>>>>

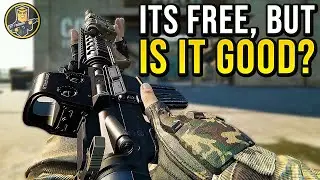 Can this NEW FREE Shooter compete with Battlefield? - CROWZ Early Access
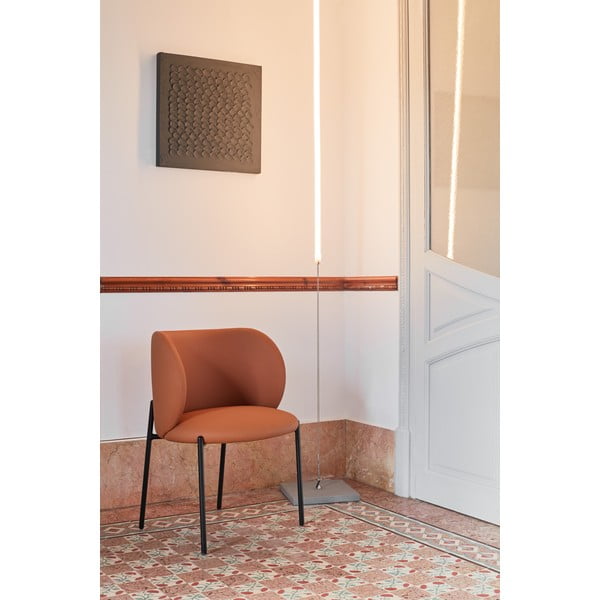 Narančaste podstavljene blagovaonske stolice u setu 2 kom Mogi – Teulat-image-1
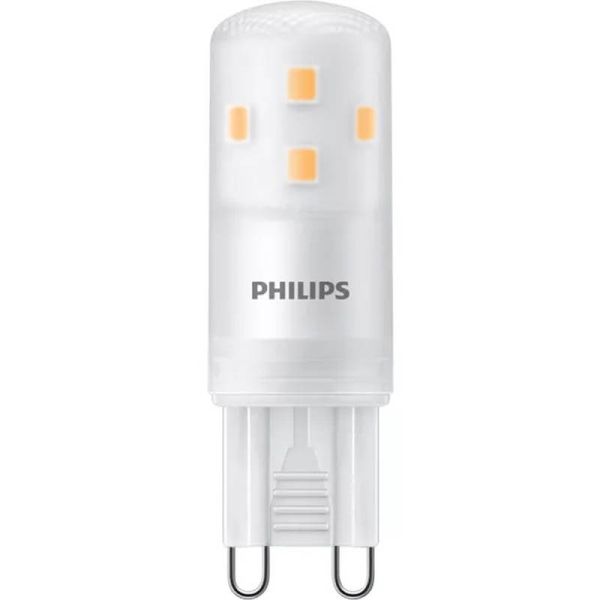 Bombilla LED G9 1,9W 2700K 200lm Equivalente 25W · No Regulable · Clase Energética E 8720169301634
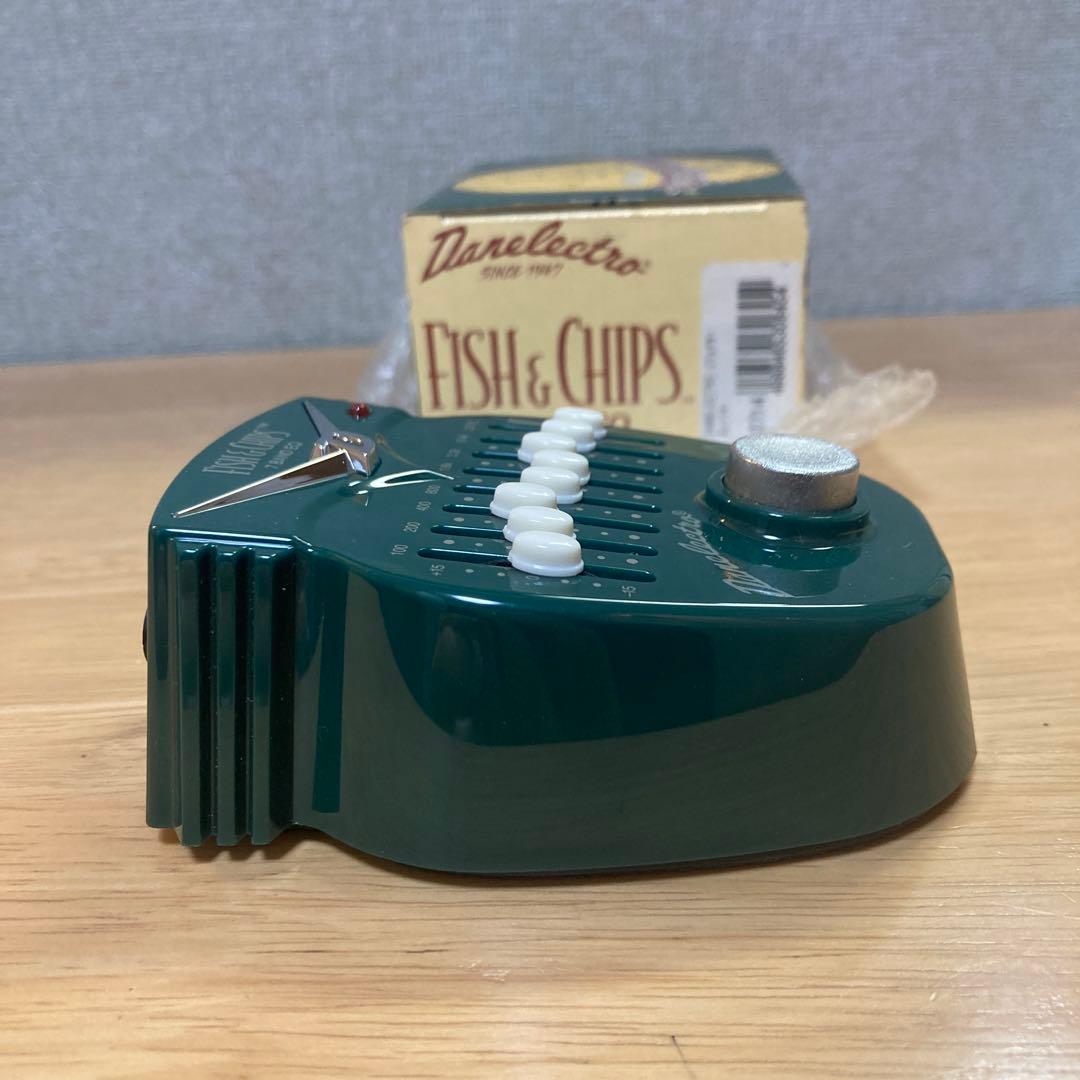 希少Danelectro Fish & ChipsギターエフェクターDJ-14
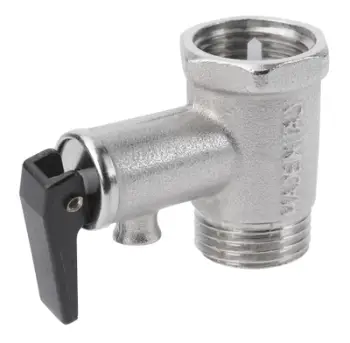 Valvul sigurie për bojler, 3/4", 8 bar, e bronztë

<<<<

> WORK REQUEST
For the entries above, the output must hold exactly the lines from the one with "Narančaste podstavljene blagovaonske" through the last line, both included, and no pictures.

> TASK RESPONSE
 Narančaste podstavljene blagovaonske stolice u setu 2 kom Mogi – Teulat-image-1
 Bombilla LED G9 1,9W 2700K 200lm Equivalente 25W · No Regulable · Clase Energética E 8720169301634
 希少Danelectro Fish & ChipsギターエフェクターDJ-14
 Valvul sigurie për bojler, 3/4", 8 bar, e bronztë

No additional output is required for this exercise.